The dreaded (who am I kidding - the anticipated!) #TIFF12 six movie day has concluded, with mixed results, as follows.
I've never been to Turkey and I can't say I've seen all that much Turkish film, but this beautifully shot, intimate film made me want to change all of that.
It's a familiar enough premise - two broken people, strangers in a wayward town, working through their inner demons. A chance opportunity for redemption brings them together in a dramatic and ultimately satisfying conclusion. See it if you get the chance!
Ginger and Rosa
This movie made its way onto my list by virtue only of it being the most convenient film to see in its time slot. Thank goodness for that, because wow, what a good one. That Elle Fanning is not fooling, y'all.

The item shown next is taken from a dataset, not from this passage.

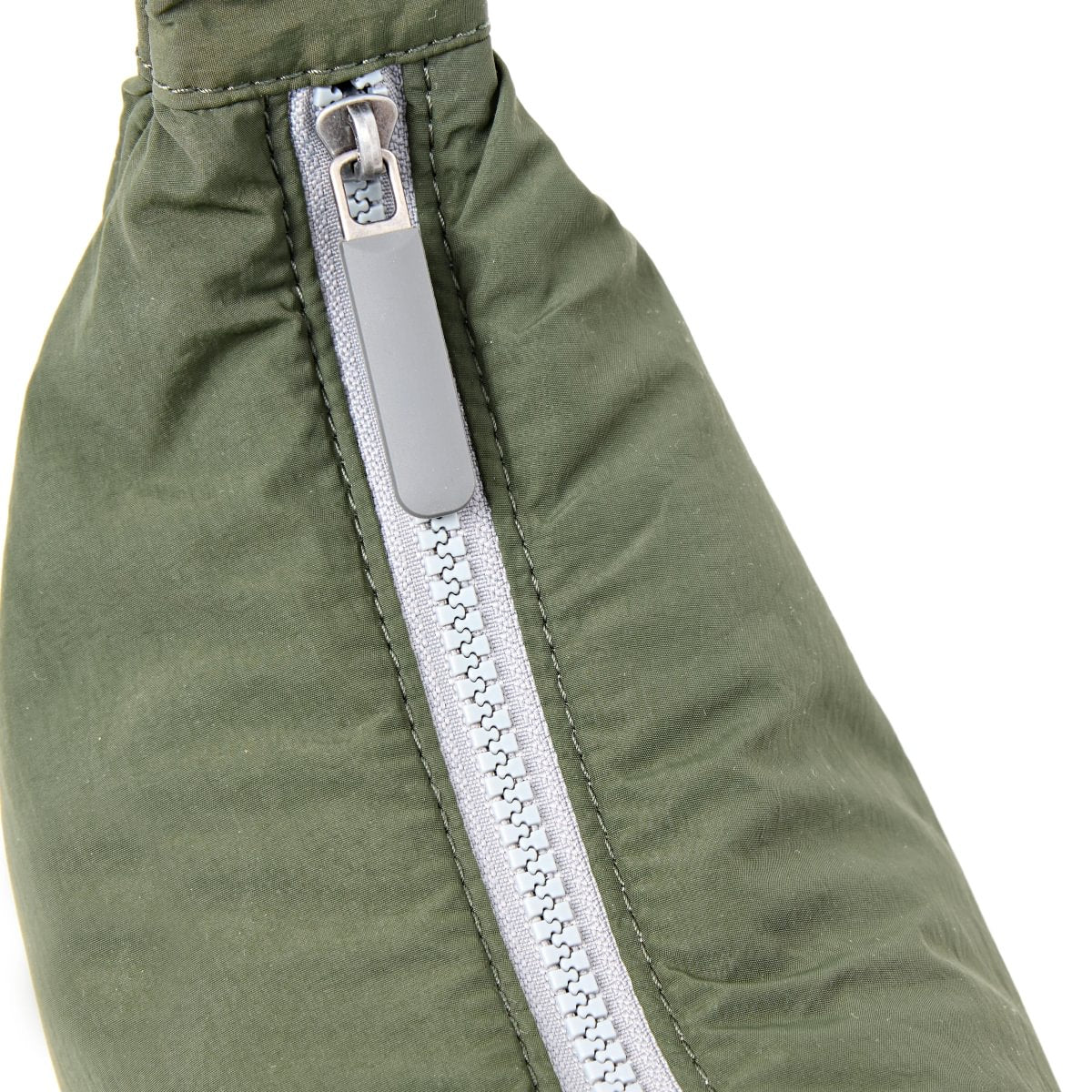 Roka Farringdon Taslon: Olive at Bibelot Leek UK Stockist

Mea Maxima Culpa: Silence in the House of God
Alex Gibney's new documentary, which dives into the personal stories of three adults who were abused as children by priests at a Catholic school for the deaf in Milwaukee, in the context of the broader history of scandal and cover-up at all levels within the Catholic church. It was a fine film, and made me think a lot about what I think of organized religion (frankly, very little).
Eat Sleep Die
Swedish. Great. One of the better films within the "here's a cast of non actors doing basically nothing but going about their daily lives" genre. This time, involving the a group of immigrants after they've been laid off from jobs at a local factory. In particular, a spirited young woman and her increasingly dependent father. I'd say this film features one of the most interesting, rich and dynamic characters I've seen in a long time. I wish this character, named Rasa, was real - I'd have a lot of fun hanging out with her.

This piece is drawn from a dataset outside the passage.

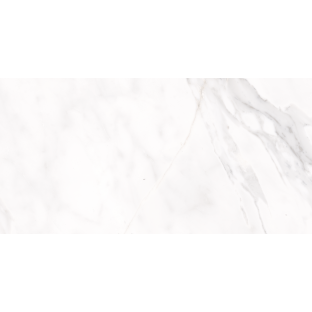 Vloertegel en wandtegel - Velvet White - 30x60 cm - gerectificeerd - 10 mm dik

I'm not sure I like experimental film, overall. Say what you will about a blanket statement like that, but this film was really not for me. I get that it was meant to push boundaries, be inventive, make no sense, follow no preset structure, whatever. Was it also supposed to be poorly acted? I had a very hard time sussing out what choices were just really bad acting/writing and what choices were intentionally fucked up/jarring. It's very possible that this is a brilliant piece of art and I am just a philistine. I and the six other people I saw walk out of the theater (not counting the three fourths of the audience that was behind me and from whom I would not have noticed any walk-outs).
I will say it had a stunning soundtrack and that I am glad that we live in a world where a movie like this can exist and be seen. Even if it was really not enjoyable.
As much as I love Midnight Madness and had a nice time with my friend, I did not find too many redeeming qualities in this movie, I'm afraid. Maybe I was just real tired after a six-movie day. Who's to say.